Dean of the MIT Sloan School of Management
- In office August 27, 2007 – February 5, 2024

Personal details
- Born: April 15, 1955 Northampton, Massachusetts, U.S.
- Died: March 13, 2025 (aged 69)
- Education: Brown University (BA) Columbia University (MPhil, PhD)

= David Schmittlein =

American academic (1955–2025)

David C. Schmittlein (April 15, 1955 – March 13, 2025) was an American academic administrator who served as the John C Head III Dean and Professor of Marketing at the MIT Sloan School of Management for 17 years. He was appointed on August 27, 2007 and served until stepping down on February 5, 2024. Prior to joining MIT, Schmittlein was the Ira A. Lipman Professor and Professor of Marketing at the Wharton School of the University of Pennsylvania.

== Background ==
Schmittlein was a native of Northampton, Massachusetts. He earned a B.A. in mathematics from Brown University in 1977 and received his M.Phil. and Ph.D. in business from Columbia Business School in 1979 and 1980, respectively.

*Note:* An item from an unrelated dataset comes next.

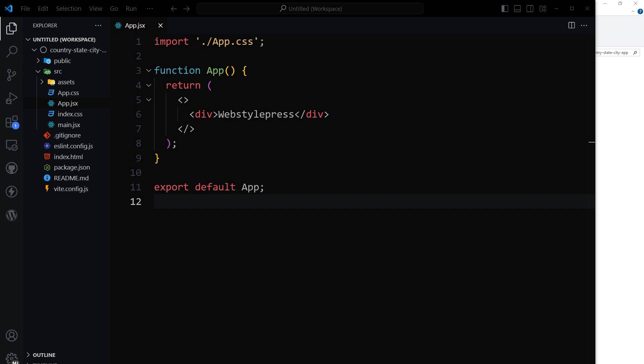We will have three select fields. First, we'll show countries. If we select the country, states will be populated. If we select a state, cities under that state will be populated.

Schmittlein died on March 13, 2025, at the age of 69.

== Career ==
Schmittlein was formerly a professor of marketing at the Wharton School of the University of Pennsylvania and chair of the editorial board for Wharton School Publishing. He joined MIT in 2007 as the first dean of the Sloan School of Management since 1966 to be recruited from outside the university. On January 30, 2024, he announced he was stepping down from his role in order to attend to a personal health concern.

In 2015, Schmittlein joined the board of CIGNEX Datamatics, an open-source software company based in Santa Clara, California.